The transition from manual storage management to an orchestrated Rook-Ceph system eliminates the risks associated with scaling pods, where standard storage backends often fail. The ability to provide unified block, file, and object storage on commodity hardware ensures that the infrastructure can grow without proportional increases in complexity. Furthermore, the shift toward OIDC-based identity and automated secret rotation transforms the security posture from a manual, error-prone process into a compliant, production-grade system.

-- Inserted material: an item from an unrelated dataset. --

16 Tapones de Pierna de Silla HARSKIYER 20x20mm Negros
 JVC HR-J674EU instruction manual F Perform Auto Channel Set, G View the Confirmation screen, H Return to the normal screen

Ultimately, the synergy between k3s and Rook-Ceph allows for the deployment of high-availability applications on lightweight infrastructure. The capability to replicate data three ways across multiple nodes ensures that failures are handled gracefully, maintaining system uptime. This architecture effectively bridges the gap between the simplicity of a lightweight orchestrator and the power of a distributed storage system, creating a dependable foundation for modern cloud-native workloads.